BURLINGTON’S STONE PLAYS A KEY ROLE AT LONDON’S HAMPSTEAD THEATRE

Burlington’s popular pale green Elterwater Stone plays a functional yet decorative role at London’s Hampstead Theatre where it has been used for both flooring and as vanity tops throughout the building’s six washroom areas. Replacing the existing theatre at Swiss Cottage, the new lottery-funded building is the first freestanding theatre to be built in London since the National Theatre in 1975, and the first to be built specifically for the purpose of producing contemporary plays.

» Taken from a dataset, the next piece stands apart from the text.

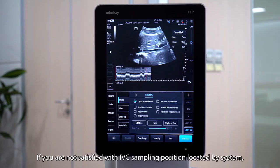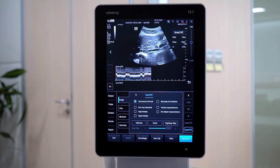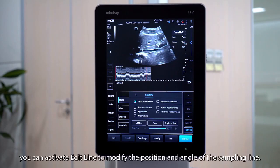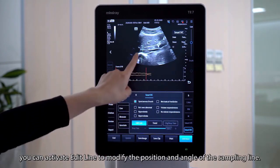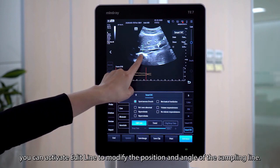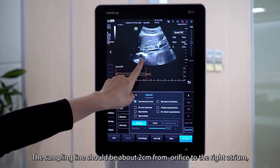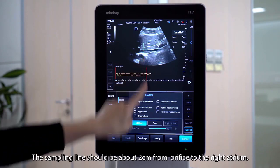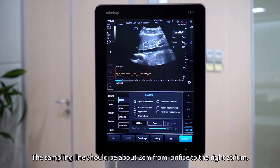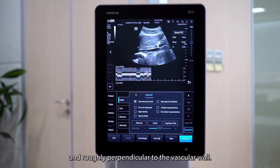If you are not satisfied with the IVC sampling position located by the system, you can activate the added line to modify the position and angle of the sampling line. The sampling line should be about 2 cm from the IVC orifice to the right atrium and roughly perpendicular to the vascular wall.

Specified by leading London-based architects, Bennetts Associates, the stone vanity tops feature a honed finish for a smooth even effect, and are supported by a purpose-built powder-coated steel frame that houses the under-counter sink, senor tap mechanism, soap dispenser and towel-waste bin. The vanity tops provide the perfect contrast to the washroom’s maple veneered cubicles and white painted walls and ceilings. Stainless steel fittings complete the contemporary minimalist design.

Approximately 107m2 of the same honed Elterwater stone has been used as flooring and to create 12mm skirtings throughout the washroom areas.

Comments Simon Erridge from Bennetts Associates: “We first specified Burlington for the Royal College of Pathologists in 1992 and, over 15 years later, the stone remains in excellent condition.”

“As well as its durability and ease of maintenance, Burlington stone was chosen for its richness of colour, natural variation of shade and its ability to complement other materials. As a flooring material, it is more than appropriate to the washroom environment and it provides the perfect contrast to the dark polished concrete floors of the theatre’s foyer area and bar.”

Although intended to replace the existing theatre with a facility of similar size, its range of accommodation reflects a far more ambitious, longer-term vision. Whereas the previous auditorium had 175 seats, the new auditorium has a minimum of 150 and a maximum of 325 seats with a range of options for stage and seating configurations. The new building also boasts a workshop, dedicated rehearsal room and an education room that doubles as a stand-alone studio theatre. Dressing rooms, wardrobe and general offices are also extremely spacious and a large underground plantroom incorporates the most of the building’s mechanical services.